Berapa jam setelah minum sefalosporin, Anda boleh minum bir

Sebaiknya tidak minum bir setelah minum sefalosporin, jika perlu minum bir disarankan setidaknya satu minggu kemudian, keadaan khusus untuk berkonsultasi dengan dokter akan berlaku. Sefalosporin termasuk antibiotik, antibiotik sefalosporin dalam tubuh akan bertindak dengan alkohol untuk terjadi serangkaian reaksi kimia, menghasilkan metabolit alkohol asetaldehida dalam tubuh sejumlah besar penumpukan asetaldehida, asetaldehida dapat menyebabkan keracunan. Setelah keracunan asetaldehida, pasien akan mengalami serangkaian reaksi merugikan sistemik seperti kemerahan pada wajah dan kulit secara umum, pusing, mual, muntah, nyeri dada, dan pada kasus yang parah, bahkan kejang-kejang, inkontinensia, dan bahkan mengancam nyawa manusia.
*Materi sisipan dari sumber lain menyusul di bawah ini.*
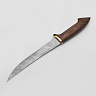 Филейный нож №1 (Дамасская сталь, Венге) 4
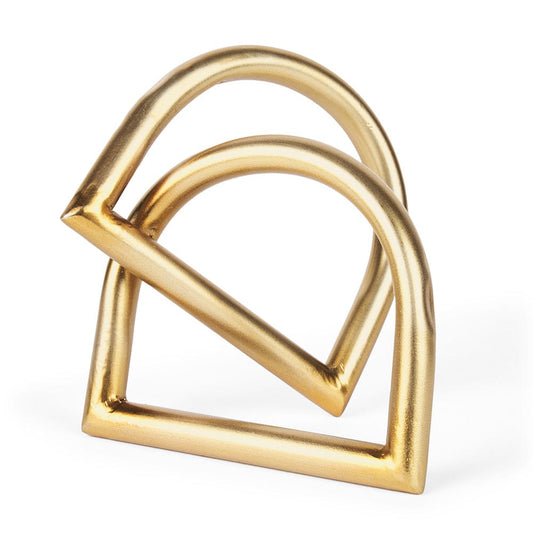 Mercana - Locke Large Gold Metal Decorative Object - 70529_CLOSEOUT view 1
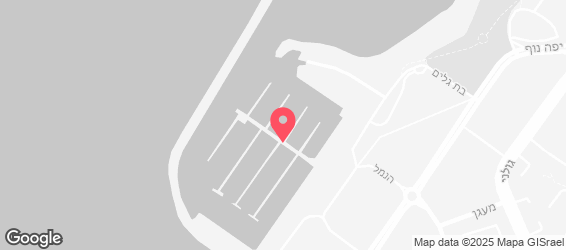 חומוס אליה- מרינה אשקלון - מפה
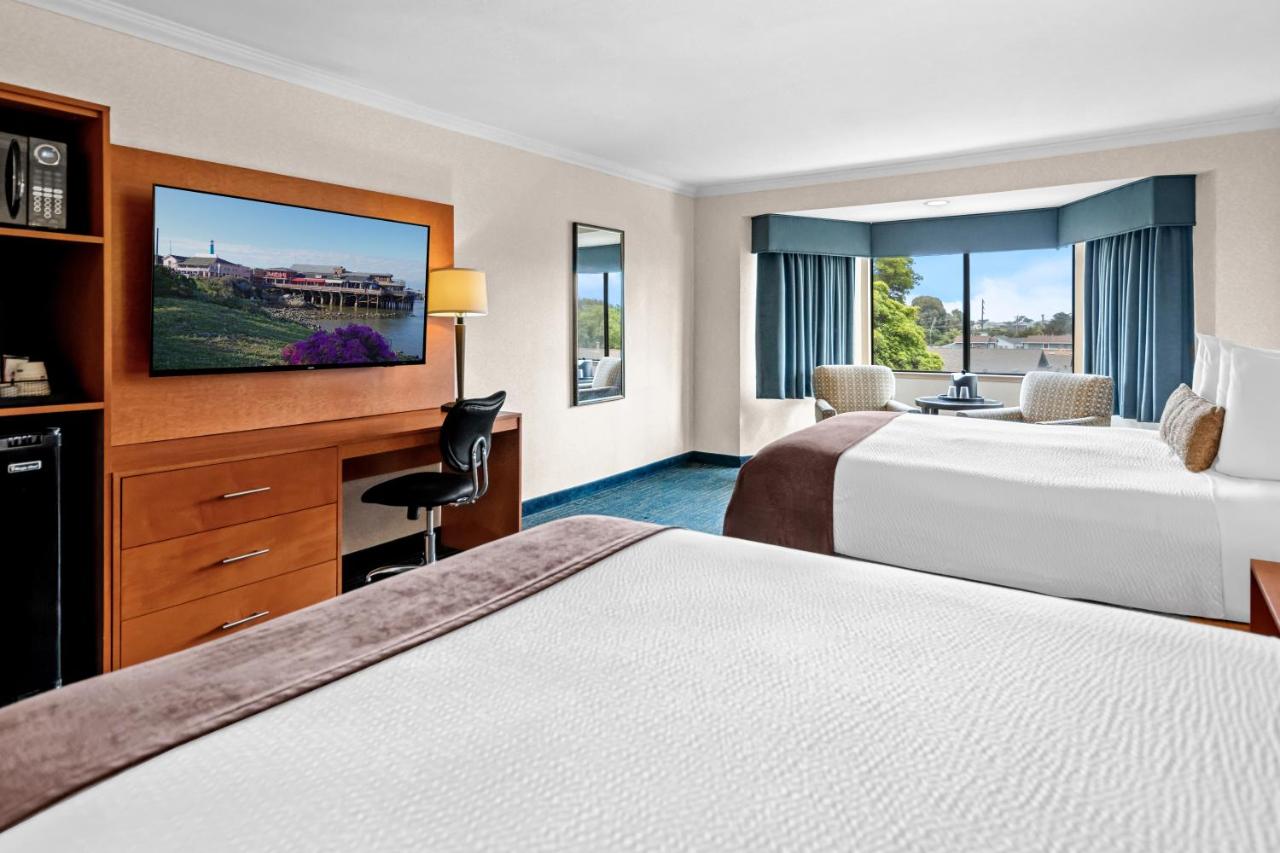 Queen Room with Two Queen Beds - Non-Smoking at Best Western De Anza Inn
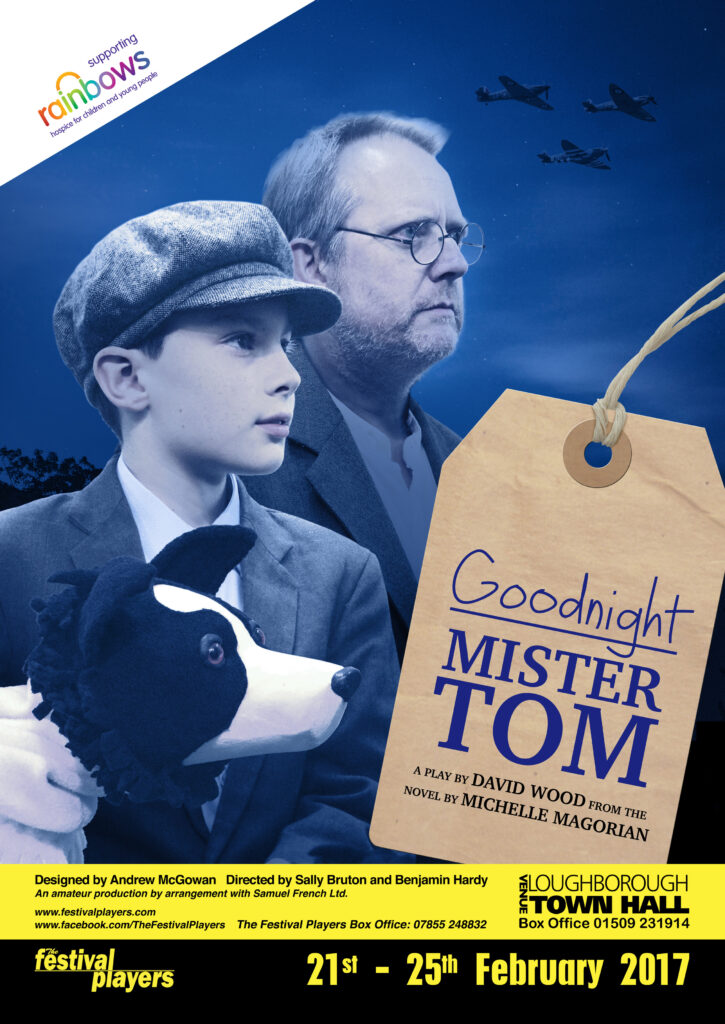 The Festival Players - Goodnight Mister Tom Poster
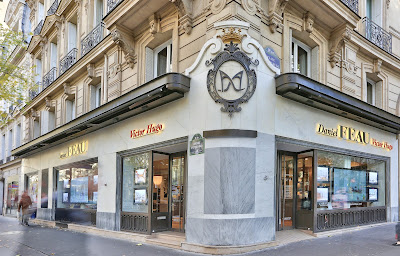 Daniel Féau Victor Hugo à Paris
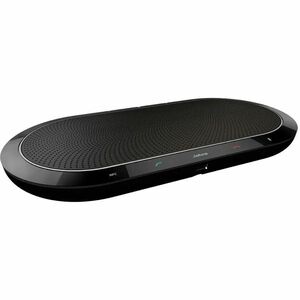 Jabra Speak 810 UC Com fios/sem fios Bluetooth Altifalante - Skype for Business, Cisco Webex - Preto - 15 Meeting Persons 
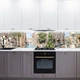 Наклейка на кухонный фартук 60 х 250 см, фотопечать с защитной ламинацией, Уютные улицы Венеции(БП-12-ar4238) - изображение 3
Reaksi yang merugikan dari penggunaan Cephalosporin saja termasuk alergi, mual, muntah, diare, dll. Namun, kemungkinan terjadinya gejala-gejala merugikan yang disebutkan di atas umumnya rendah bila dikonsumsi di bawah bimbingan dokter. Sefalosporin tidak boleh digunakan dengan hati-hati pada kelompok orang berikut ini: mereka yang alergi terhadap penisilin; mereka yang mengalami disfungsi ginjal parah; dan mereka yang memiliki riwayat gangguan pencernaan. Kesimpulannya, dilarang minum alkohol selama metabolisme Cephalosporin di dalam tubuh, dan jika Anda minum alkohol secara tidak sengaja dan mengalami gejala-gejala di atas, Anda harus pergi ke rumah sakit untuk pemeriksaan tepat waktu.